# Empire Combination Square - it is straight.



## AaronK

thanks for a very good review.


----------



## Sawdust2

I was talking with the Starrett people at the IWF last year.
I asked them if they had any show discouints.
"Nope" 
"Why not?" 
"We don't need to."

They know their stuff.

Lee


----------



## PurpLev

good review- and I have to agree. I have an Empire 12" comb-square and found it to be true and square always. I then got the 6" version as well as an all around square- and it too was square - however , I found it hard to locate a 6" square that moved smoothly - I went to 2 HD and tried ALL of them out until I found one that was acceptable. the others were very stiff to move the blade on. but I never experienced that on the 12" version. it is a good solid performer for a VERY reasonable price. period!

now I do have a starrett as my main square, and use the Empire around the house - what I notice about the differences are not so much the squareness, but more the quality of materials used, and their machining - the starett materials are thicker and machined with a better finish = smoother. This gives a heavier tool, a smoother operation, and a more reliable locking mechanism. but from my experience - not more square than the Empire.

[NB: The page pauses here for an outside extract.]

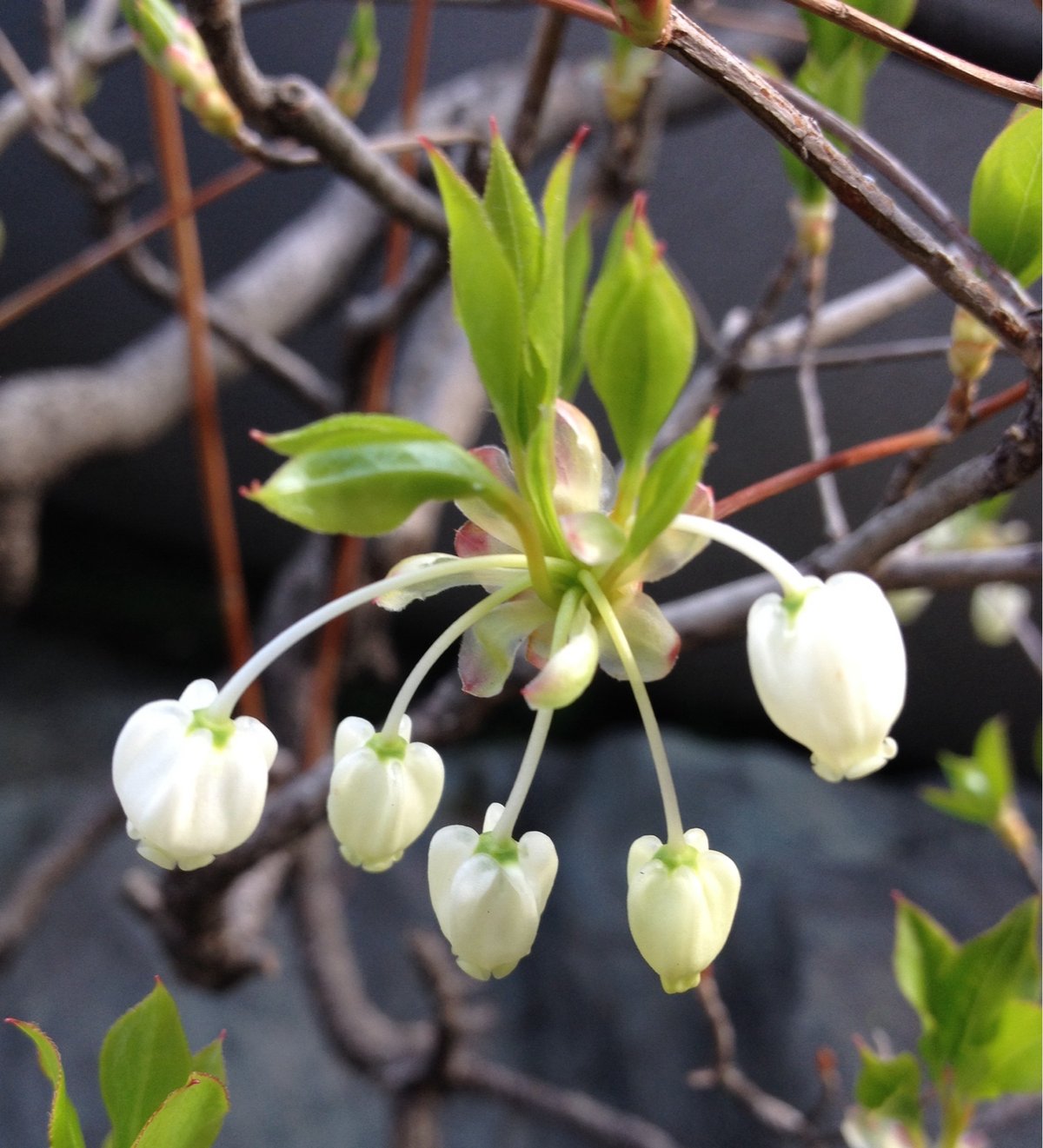 4月11日の誕生花 ドウダンツツジの花言葉 思いを受けて カムとキクタンの大満足時代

Enjoy the square - but don't be one!


----------



## a1Jim

thanks for the review


----------



## rambler7

I too have a couple of empire squares…they are square …thx 4 the reveiw


----------



## Kindlingmaker

...should that be 0.016" for the length of your unit?


----------



## jimc

I also have a 6" Empire combination square that does not adjust smoothly. I thought mine was just an isolated case until I read PurpLev's post above. I have emailed Empire to see if they have a 'fix' for the problem and will post any response received.

Jim


----------



## jimc

This is the response I received from Empire Level Customer Support:

Hi,

Thank you for your email. I have forwarded it on to my supervisor so that we can take a better look at the E255 6" combination square and why perhaps there is so much difficulty in adjusting those. I believe the problem is with the drawnut set. Which we do replace free to our customers. I would like to do that for you as well. Thank you for providing me with your full name and address so I know where to have the drawnut set sent. I wouldn't say yours is an isolated case, however, we don't have a huge amount of problems with this square. Thank you for bringing it to our attention.

I will get you a new drawnet set immediately.

Thank you and have a great day!

When I receive the drawnut set and install it, I will let you know if this corrects the problem. If so, you may want to contact Empire Level CS yourself for the "fix".

Jim


----------



## affyx

Jim, did the drawnut help?


----------



## gleasoncraftworks

I have a the same problem with my Empire 6" square. I read the directions (who does that…for a square!?) and it actually directs to run a line of light machine oil down the channel. I do that from time to time, and mine slides very nicely. Having said that, I can see how the drawnut would definitely wear down over time, and I think it's excellent that Empire will send a new one upon request.

Jared


----------



## curliejones

Just my 2 cents, I bought the Empire tru blue 16" square first and found it to be dead on accurate. About two years later, I bought the 6 inch version for easy carry in the workshop and it too is dead accurate using the flip the square test and with a cut line, thinner than my 0.5mm lead. I find that I am seldom using the 16" square and rewarded my self with a new 12" Empire about a month ago. It is actually painted blue and is true (accurate) so it is my real true blue. The first two were black. I have a small 4 inch double square from PEC that is handy in the apron and accurate, but accuracy over 4 inches must be easier than over 6, 12, or 16 wouldn't ya think? The better name tool is the least smooth operating of the four, the PEC, but the 4 and 6 in will certainly receive the most use as I am beginning to do more "shop work" than carpentry. I have truly considered buying another Empire 6" true blue ($8) just to save measurements during a project. Easier than making a marking gauge, the sharp thin blade of a good marking knife and an accurate adjustable square comes in handy.


----------